(Items from a dataset)
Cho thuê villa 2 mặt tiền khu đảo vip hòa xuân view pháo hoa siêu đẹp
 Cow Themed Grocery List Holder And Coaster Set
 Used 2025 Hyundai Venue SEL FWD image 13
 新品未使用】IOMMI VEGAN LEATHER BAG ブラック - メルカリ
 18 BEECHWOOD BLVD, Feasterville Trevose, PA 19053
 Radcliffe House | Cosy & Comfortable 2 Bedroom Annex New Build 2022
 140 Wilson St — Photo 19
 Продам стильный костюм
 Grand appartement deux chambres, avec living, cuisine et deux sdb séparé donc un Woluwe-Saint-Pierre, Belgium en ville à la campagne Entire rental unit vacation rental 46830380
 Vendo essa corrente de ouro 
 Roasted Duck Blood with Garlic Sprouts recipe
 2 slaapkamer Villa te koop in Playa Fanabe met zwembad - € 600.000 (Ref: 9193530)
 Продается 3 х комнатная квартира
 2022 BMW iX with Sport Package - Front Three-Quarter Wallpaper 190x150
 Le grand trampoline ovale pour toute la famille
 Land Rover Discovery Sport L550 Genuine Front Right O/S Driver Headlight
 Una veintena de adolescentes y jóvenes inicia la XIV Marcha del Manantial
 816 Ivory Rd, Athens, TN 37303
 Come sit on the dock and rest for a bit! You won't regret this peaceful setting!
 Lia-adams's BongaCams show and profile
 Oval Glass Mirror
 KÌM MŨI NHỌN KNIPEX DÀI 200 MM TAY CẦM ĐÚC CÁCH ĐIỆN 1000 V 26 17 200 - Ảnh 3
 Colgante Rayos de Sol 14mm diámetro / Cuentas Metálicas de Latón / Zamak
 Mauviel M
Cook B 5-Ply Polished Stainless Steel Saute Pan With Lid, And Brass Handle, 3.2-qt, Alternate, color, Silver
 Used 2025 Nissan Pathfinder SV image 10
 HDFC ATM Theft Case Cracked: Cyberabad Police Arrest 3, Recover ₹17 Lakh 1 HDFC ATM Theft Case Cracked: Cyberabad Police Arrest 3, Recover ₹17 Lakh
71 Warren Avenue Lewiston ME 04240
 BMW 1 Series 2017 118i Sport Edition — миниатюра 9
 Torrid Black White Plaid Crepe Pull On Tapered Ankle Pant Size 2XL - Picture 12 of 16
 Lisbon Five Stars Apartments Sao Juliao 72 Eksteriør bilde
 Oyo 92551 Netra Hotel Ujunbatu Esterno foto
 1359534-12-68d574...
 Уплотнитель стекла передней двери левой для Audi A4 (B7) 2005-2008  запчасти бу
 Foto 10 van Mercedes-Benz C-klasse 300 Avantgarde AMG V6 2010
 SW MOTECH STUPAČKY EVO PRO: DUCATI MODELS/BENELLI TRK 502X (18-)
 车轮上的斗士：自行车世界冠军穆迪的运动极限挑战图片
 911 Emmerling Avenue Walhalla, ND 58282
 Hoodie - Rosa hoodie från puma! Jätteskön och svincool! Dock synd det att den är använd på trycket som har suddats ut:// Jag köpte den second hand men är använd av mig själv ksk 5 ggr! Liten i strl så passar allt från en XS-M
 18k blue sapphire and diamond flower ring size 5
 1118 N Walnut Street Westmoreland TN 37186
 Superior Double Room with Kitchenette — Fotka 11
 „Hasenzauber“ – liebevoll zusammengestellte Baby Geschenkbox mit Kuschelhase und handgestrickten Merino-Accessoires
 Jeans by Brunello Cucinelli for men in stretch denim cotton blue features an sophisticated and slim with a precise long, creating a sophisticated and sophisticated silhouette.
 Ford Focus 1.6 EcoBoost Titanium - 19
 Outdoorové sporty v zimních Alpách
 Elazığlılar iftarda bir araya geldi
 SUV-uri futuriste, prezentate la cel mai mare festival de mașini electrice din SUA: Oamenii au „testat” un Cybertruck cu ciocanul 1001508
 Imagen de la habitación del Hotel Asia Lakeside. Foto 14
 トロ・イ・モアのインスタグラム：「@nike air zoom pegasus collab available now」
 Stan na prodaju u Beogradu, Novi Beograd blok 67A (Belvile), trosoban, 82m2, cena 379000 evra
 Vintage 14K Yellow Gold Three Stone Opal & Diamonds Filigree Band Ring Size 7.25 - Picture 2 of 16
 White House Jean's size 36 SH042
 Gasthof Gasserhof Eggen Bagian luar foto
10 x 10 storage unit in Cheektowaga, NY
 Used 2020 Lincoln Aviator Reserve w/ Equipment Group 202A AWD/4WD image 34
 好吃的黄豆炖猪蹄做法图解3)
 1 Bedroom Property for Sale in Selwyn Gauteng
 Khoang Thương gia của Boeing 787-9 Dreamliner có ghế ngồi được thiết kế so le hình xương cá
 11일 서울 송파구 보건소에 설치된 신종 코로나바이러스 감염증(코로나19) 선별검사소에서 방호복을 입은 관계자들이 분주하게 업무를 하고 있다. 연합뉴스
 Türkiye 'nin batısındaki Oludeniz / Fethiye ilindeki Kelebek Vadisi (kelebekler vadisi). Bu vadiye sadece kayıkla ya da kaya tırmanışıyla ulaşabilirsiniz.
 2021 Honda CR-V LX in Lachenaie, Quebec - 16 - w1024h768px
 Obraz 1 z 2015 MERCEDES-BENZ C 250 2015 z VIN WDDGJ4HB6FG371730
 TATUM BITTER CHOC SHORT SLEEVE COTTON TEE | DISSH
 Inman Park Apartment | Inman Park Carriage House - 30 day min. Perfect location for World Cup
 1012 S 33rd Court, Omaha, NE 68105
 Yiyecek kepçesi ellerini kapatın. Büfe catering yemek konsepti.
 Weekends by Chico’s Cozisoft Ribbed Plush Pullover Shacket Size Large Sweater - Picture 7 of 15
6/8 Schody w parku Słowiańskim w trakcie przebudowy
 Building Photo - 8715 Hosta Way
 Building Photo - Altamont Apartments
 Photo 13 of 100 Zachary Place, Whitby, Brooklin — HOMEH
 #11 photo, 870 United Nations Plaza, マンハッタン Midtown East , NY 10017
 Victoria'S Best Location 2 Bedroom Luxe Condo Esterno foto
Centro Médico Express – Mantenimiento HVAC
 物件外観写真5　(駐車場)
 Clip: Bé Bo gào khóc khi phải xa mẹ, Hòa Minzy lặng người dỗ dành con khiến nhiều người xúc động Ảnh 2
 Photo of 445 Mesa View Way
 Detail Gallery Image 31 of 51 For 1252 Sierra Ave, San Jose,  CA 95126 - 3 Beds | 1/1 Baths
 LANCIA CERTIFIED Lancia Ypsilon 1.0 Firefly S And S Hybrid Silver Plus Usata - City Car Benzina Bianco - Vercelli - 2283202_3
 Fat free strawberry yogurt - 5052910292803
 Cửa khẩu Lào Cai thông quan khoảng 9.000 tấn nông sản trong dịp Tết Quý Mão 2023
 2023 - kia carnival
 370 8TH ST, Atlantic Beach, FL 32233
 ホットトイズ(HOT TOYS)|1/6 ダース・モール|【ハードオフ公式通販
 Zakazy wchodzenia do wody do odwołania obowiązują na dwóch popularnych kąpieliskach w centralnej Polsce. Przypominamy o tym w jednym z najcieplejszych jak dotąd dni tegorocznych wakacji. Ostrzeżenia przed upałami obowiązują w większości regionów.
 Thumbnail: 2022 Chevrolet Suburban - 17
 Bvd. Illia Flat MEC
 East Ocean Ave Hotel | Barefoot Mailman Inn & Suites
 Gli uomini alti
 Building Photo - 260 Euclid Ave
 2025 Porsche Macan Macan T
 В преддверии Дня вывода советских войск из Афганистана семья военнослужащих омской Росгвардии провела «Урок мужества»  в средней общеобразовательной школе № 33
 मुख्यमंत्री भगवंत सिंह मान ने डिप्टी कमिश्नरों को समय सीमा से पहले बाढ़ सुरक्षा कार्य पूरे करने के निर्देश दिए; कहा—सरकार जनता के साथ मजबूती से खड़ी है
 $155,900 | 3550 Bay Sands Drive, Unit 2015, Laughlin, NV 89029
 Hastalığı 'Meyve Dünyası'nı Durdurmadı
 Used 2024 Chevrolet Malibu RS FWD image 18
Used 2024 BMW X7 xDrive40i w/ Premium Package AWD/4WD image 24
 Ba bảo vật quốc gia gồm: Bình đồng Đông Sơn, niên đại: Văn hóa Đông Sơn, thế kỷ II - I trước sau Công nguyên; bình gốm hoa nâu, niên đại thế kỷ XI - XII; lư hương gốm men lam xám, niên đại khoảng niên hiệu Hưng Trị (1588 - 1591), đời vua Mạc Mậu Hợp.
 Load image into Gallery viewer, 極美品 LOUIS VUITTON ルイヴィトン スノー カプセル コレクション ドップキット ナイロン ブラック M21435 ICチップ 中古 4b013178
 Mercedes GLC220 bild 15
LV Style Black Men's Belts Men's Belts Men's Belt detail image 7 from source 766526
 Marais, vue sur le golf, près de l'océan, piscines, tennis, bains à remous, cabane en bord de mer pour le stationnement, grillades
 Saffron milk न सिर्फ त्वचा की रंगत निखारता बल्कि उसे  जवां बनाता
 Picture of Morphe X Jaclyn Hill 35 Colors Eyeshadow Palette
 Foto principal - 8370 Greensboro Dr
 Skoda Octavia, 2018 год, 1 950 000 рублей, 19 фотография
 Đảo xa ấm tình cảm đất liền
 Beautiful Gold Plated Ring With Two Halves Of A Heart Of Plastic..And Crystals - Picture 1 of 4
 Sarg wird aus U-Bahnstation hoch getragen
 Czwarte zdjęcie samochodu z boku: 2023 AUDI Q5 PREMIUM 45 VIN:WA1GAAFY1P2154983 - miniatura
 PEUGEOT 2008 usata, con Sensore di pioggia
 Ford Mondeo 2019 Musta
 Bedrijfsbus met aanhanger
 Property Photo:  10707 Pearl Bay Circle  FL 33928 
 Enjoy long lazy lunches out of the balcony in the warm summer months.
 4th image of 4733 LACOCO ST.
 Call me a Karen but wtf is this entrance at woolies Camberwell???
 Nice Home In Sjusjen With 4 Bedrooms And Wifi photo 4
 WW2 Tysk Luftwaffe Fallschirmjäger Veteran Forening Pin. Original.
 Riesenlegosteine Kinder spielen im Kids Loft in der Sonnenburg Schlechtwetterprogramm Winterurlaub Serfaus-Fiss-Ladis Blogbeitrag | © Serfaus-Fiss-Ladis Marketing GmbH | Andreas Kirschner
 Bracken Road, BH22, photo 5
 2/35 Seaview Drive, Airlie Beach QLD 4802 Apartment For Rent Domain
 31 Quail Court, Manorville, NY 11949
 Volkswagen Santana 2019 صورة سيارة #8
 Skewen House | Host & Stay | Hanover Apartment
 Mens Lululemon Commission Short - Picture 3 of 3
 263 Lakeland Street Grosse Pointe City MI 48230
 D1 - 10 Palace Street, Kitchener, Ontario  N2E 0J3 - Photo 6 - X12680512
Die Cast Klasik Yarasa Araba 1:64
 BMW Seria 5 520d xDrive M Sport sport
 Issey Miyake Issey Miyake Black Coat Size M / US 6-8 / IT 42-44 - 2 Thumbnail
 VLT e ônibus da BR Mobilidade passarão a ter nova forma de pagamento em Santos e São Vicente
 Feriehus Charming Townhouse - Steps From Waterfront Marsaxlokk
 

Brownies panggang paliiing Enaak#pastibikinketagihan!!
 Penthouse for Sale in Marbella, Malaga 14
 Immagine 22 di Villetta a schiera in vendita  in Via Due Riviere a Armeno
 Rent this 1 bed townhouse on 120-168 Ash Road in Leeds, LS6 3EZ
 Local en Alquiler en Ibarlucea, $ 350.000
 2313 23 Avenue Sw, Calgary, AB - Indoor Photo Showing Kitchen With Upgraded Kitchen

# Assignment
The expected answer is an exact copy of the lines above, beginning at the line with "816 Ivory Rd, Athens, TN 37303" and ending at the line with "Stan na prodaju", with both ends in.

# Answer section
 816 Ivory Rd, Athens, TN 37303
 Come sit on the dock and rest for a bit! You won't regret this peaceful setting!
 Lia-adams's BongaCams show and profile
 Oval Glass Mirror
 KÌM MŨI NHỌN KNIPEX DÀI 200 MM TAY CẦM ĐÚC CÁCH ĐIỆN 1000 V 26 17 200 - Ảnh 3
 Colgante Rayos de Sol 14mm diámetro / Cuentas Metálicas de Latón / Zamak
 Mauviel M
Cook B 5-Ply Polished Stainless Steel Saute Pan With Lid, And Brass Handle, 3.2-qt, Alternate, color, Silver
 Used 2025 Nissan Pathfinder SV image 10
 HDFC ATM Theft Case Cracked: Cyberabad Police Arrest 3, Recover ₹17 Lakh 1 HDFC ATM Theft Case Cracked: Cyberabad Police Arrest 3, Recover ₹17 Lakh
71 Warren Avenue Lewiston ME 04240
 BMW 1 Series 2017 118i Sport Edition — миниатюра 9
 Torrid Black White Plaid Crepe Pull On Tapered Ankle Pant Size 2XL - Picture 12 of 16
 Lisbon Five Stars Apartments Sao Juliao 72 Eksteriør bilde
 Oyo 92551 Netra Hotel Ujunbatu Esterno foto
 1359534-12-68d574...
 Уплотнитель стекла передней двери левой для Audi A4 (B7) 2005-2008  запчасти бу
 Foto 10 van Mercedes-Benz C-klasse 300 Avantgarde AMG V6 2010
 SW MOTECH STUPAČKY EVO PRO: DUCATI MODELS/BENELLI TRK 502X (18-)
 车轮上的斗士：自行车世界冠军穆迪的运动极限挑战图片
 911 Emmerling Avenue Walhalla, ND 58282
 Hoodie - Rosa hoodie från puma! Jätteskön och svincool! Dock synd det att den är använd på trycket som har suddats ut:// Jag köpte den second hand men är använd av mig själv ksk 5 ggr! Liten i strl så passar allt från en XS-M
 18k blue sapphire and diamond flower ring size 5
 1118 N Walnut Street Westmoreland TN 37186
 Superior Double Room with Kitchenette — Fotka 11
 „Hasenzauber“ – liebevoll zusammengestellte Baby Geschenkbox mit Kuschelhase und handgestrickten Merino-Accessoires
 Jeans by Brunello Cucinelli for men in stretch denim cotton blue features an sophisticated and slim with a precise long, creating a sophisticated and sophisticated silhouette.
 Ford Focus 1.6 EcoBoost Titanium - 19
 Outdoorové sporty v zimních Alpách
 Elazığlılar iftarda bir araya geldi
 SUV-uri futuriste, prezentate la cel mai mare festival de mașini electrice din SUA: Oamenii au „testat” un Cybertruck cu ciocanul 1001508
 Imagen de la habitación del Hotel Asia Lakeside. Foto 14
 トロ・イ・モアのインスタグラム：「@nike air zoom pegasus collab available now」
 Stan na prodaju u Beogradu, Novi Beograd blok 67A (Belvile), trosoban, 82m2, cena 379000 evra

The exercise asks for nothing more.